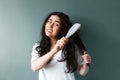 Portrait of a young sad woman trying to comb her long dark tangled hair with hairbrush. Blue background. The concept of Royalty Free Stock Photo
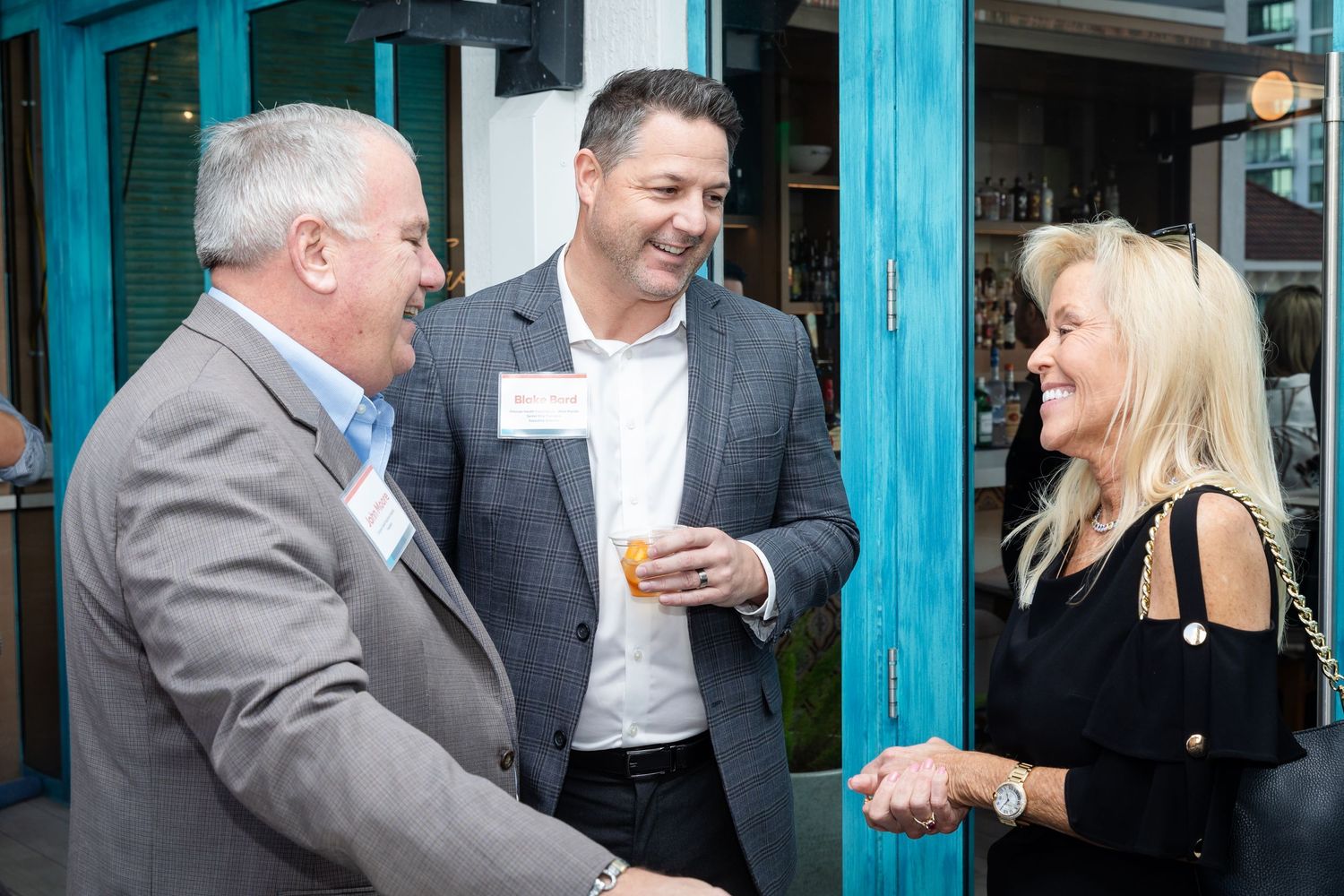 Three professionals networking and smiling at an outdoor business event, two men and a woman in business attire.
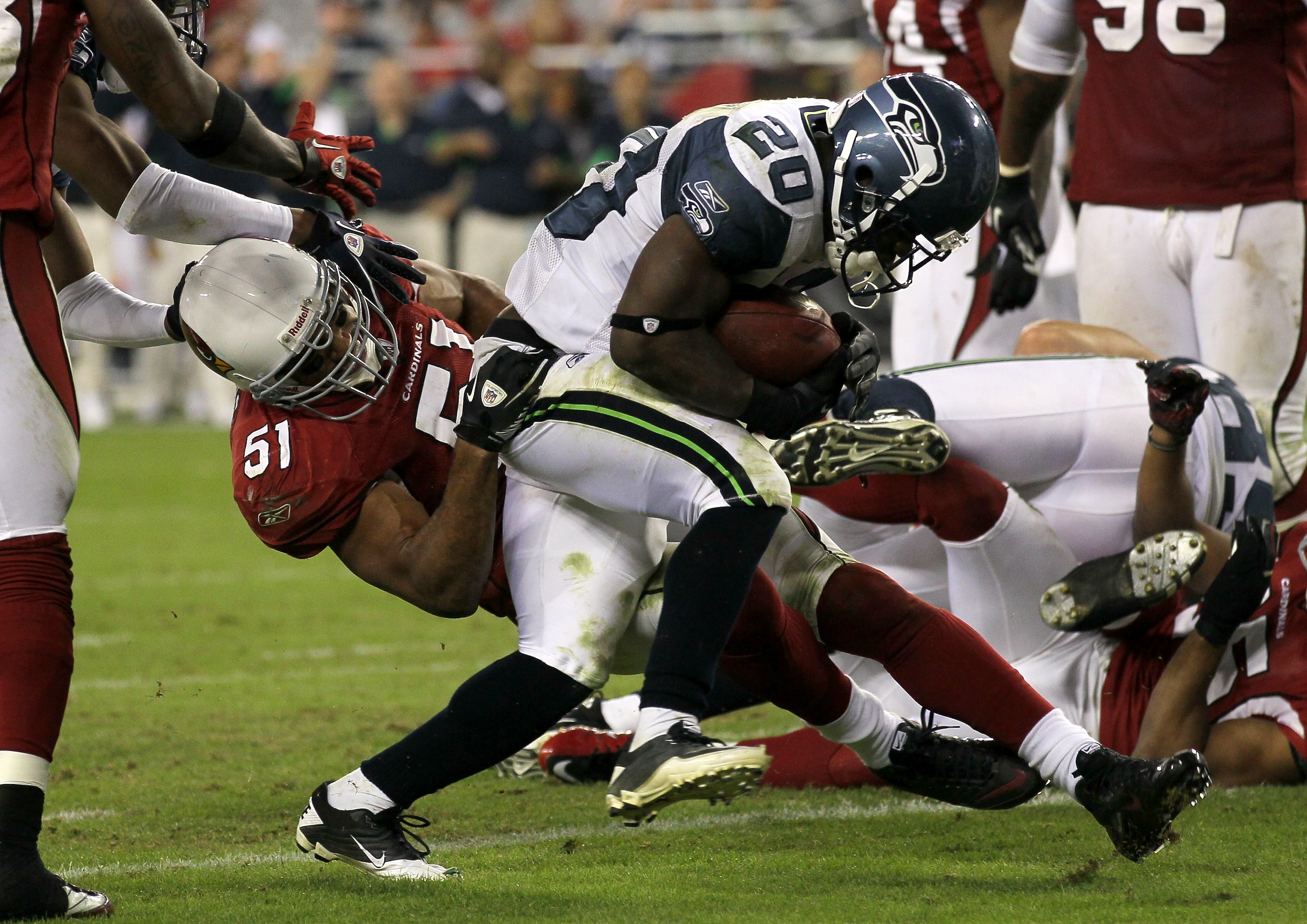 GLENDALE, AZ - NOVEMBER 14: Running back Justin Forsett #20 of the Seattle Seahawks breaks the tackle of linebacker Paris Lenon #51 of the Arizona Cardinals to score on a four yard touchdown carry in the fourth quarter at University of Phoenix Stadium on GLENDALE, AZ - NOVEMBER 14: Running back Justin Forsett #20 of the Seattle Seahawks breaks the tackle of linebacker Paris Lenon #51 of the Arizona Cardinals to score on a four yard touchdown carry in the fourth quarter at University of Phoenix Stadium on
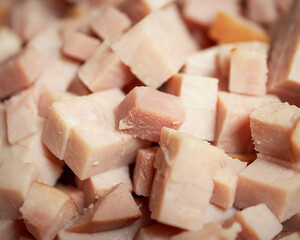 A close-up, high-angle view of a large pile of freshly cubed, pink, savory ham pieces, ready to be used as an ingredient in a cafe kitchen.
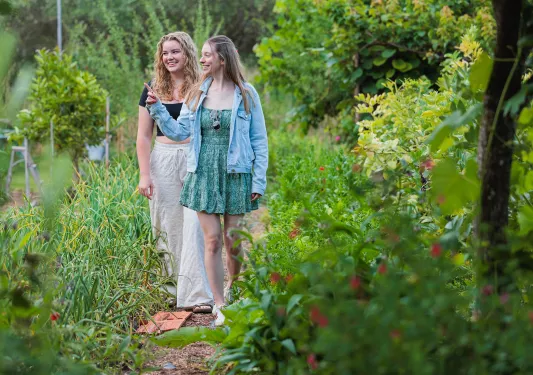Two women walking through a garden, pointing and smiling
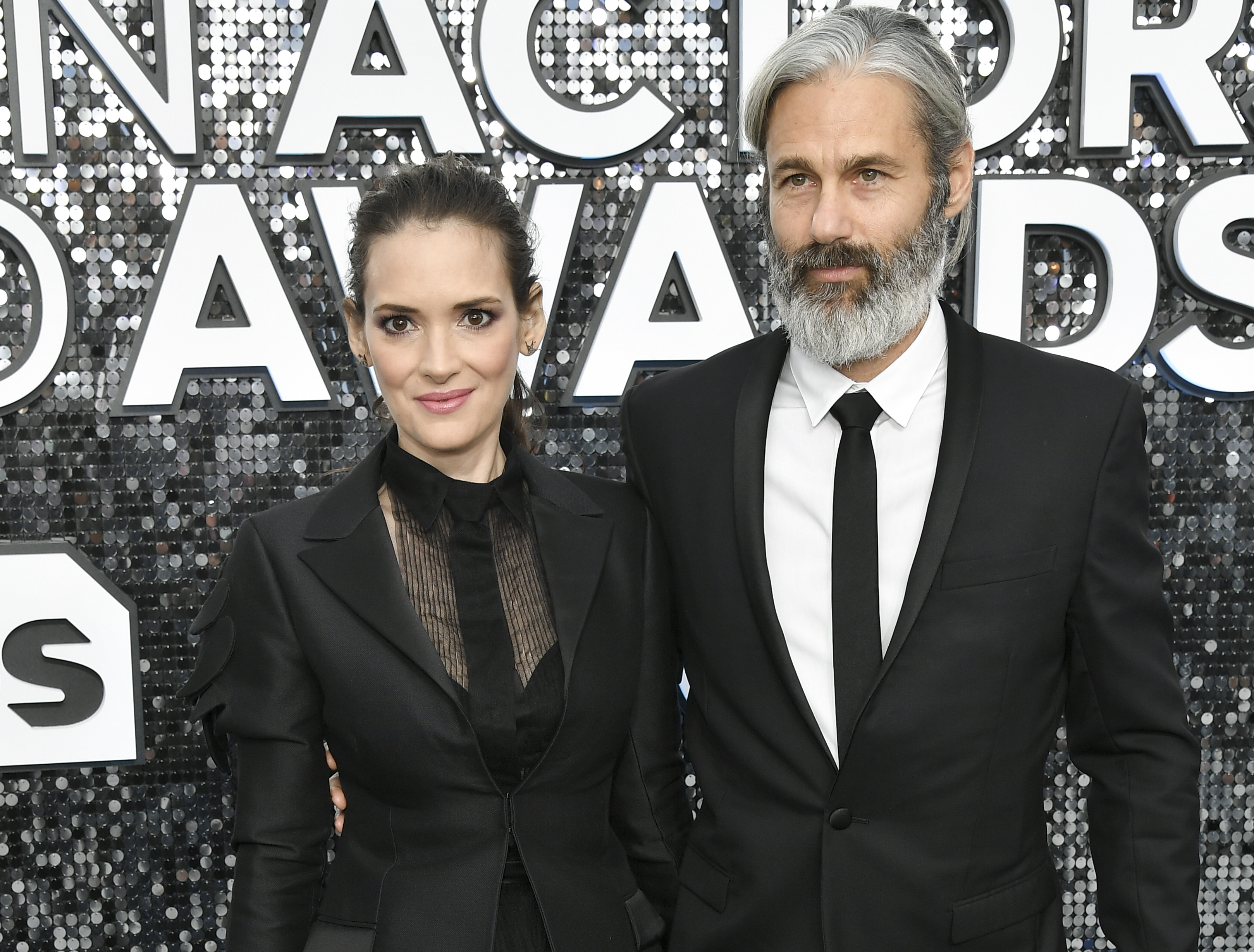 a photo of Winona Ryder and Scott Mackinlay Hahn on the red carpet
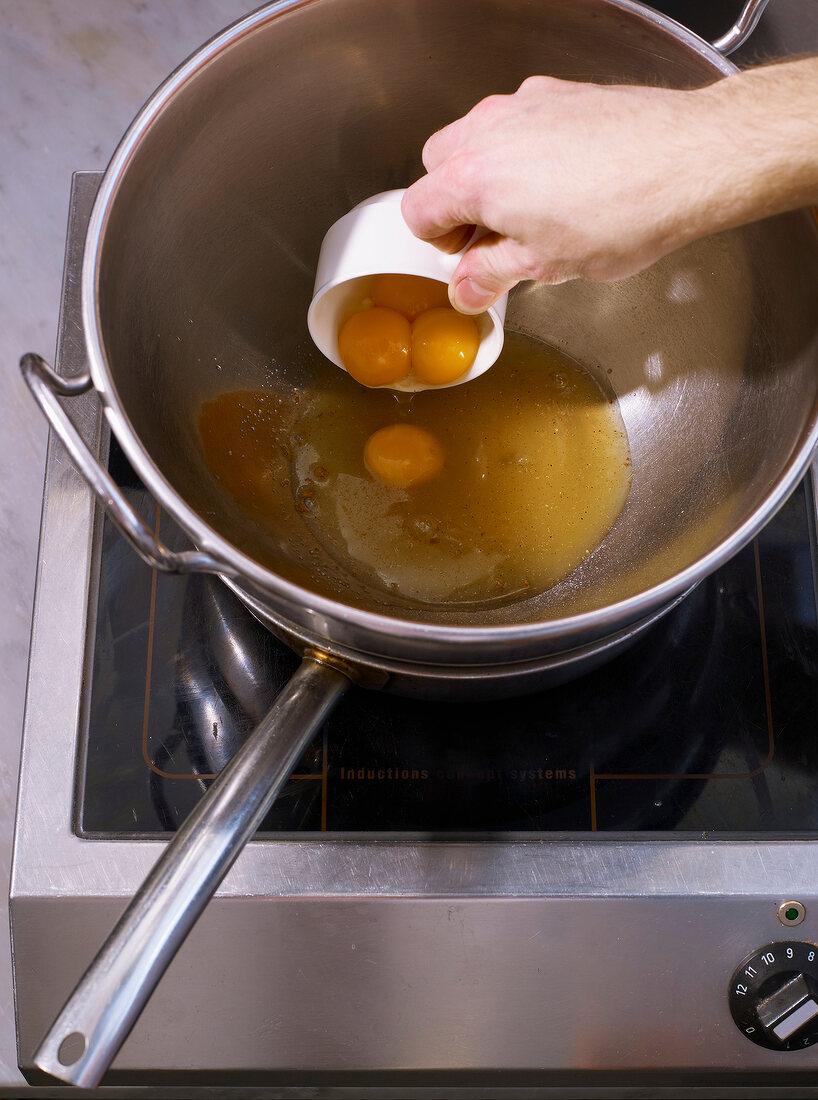 Eggs pour in stainless steel bowl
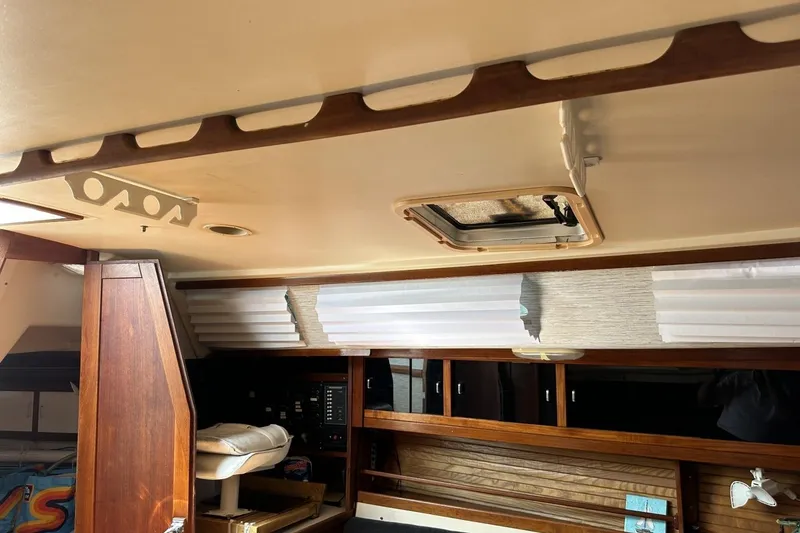 Slide: The Image of Interior of a 1991 Catalina 42 sailboat with wood paneling and storage compartments. - 50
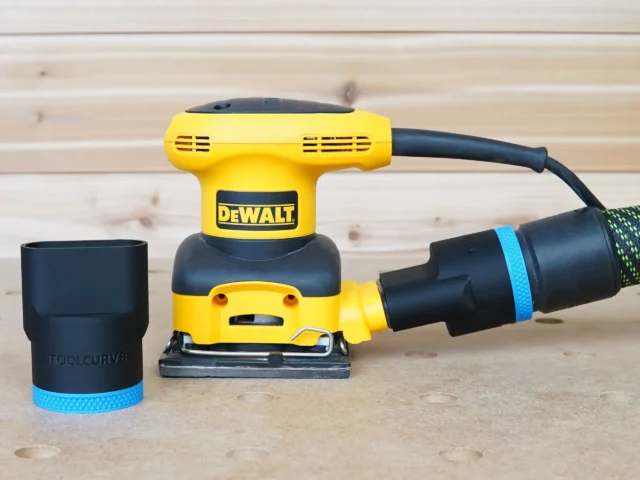 Black ToolCurve 36mm hose adapter with blue band beside a DeWalt palm sander connected to an extractor hose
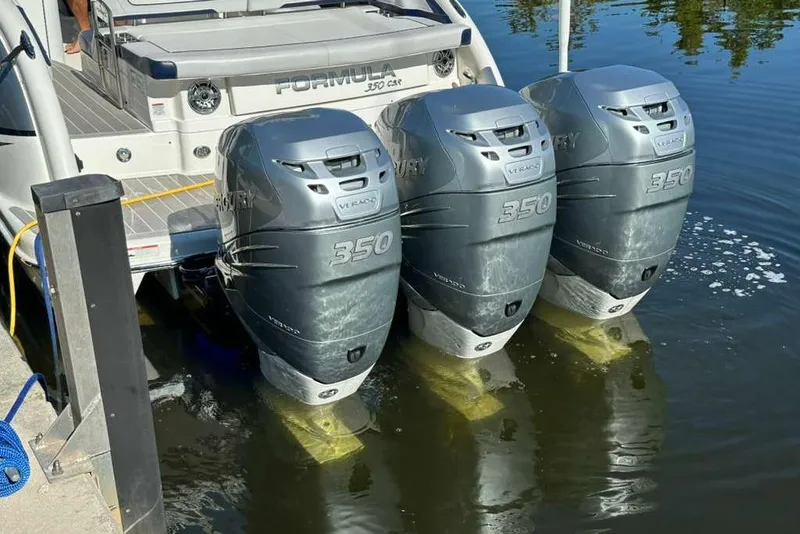 Slide: The Image of 2022 Formula 350 Crossover Bowrider OB with triple Mercury 350 engines docked. - 11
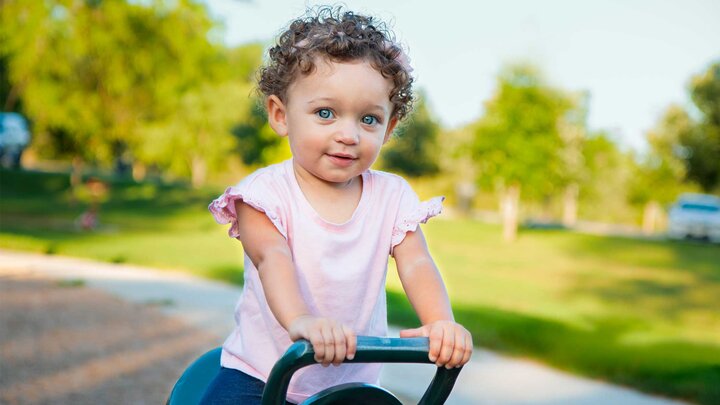 A young child wearing a pink shirt sits on playground equipment in an outdoor setting.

**Your assignment:** The answer must consist solely of the lines from the first line of the records through the line containing "on GLENDALE, AZ", reproduced exactly and without the pictures.

**Response for this exercise:**
 Portrait of a young sad woman trying to comb her long dark tangled hair with hairbrush. Blue background. The concept of Royalty Free Stock Photo
 Three professionals networking and smiling at an outdoor business event, two men and a woman in business attire.
 GLENDALE, AZ - NOVEMBER 14: Running back Justin Forsett #20 of the Seattle Seahawks breaks the tackle of linebacker Paris Lenon #51 of the Arizona Cardinals to score on a four yard touchdown carry in the fourth quarter at University of Phoenix Stadium on GLENDALE, AZ - NOVEMBER 14: Running back Justin Forsett #20 of the Seattle Seahawks breaks the tackle of linebacker Paris Lenon #51 of the Arizona Cardinals to score on a four yard touchdown carry in the fourth quarter at University of Phoenix Stadium on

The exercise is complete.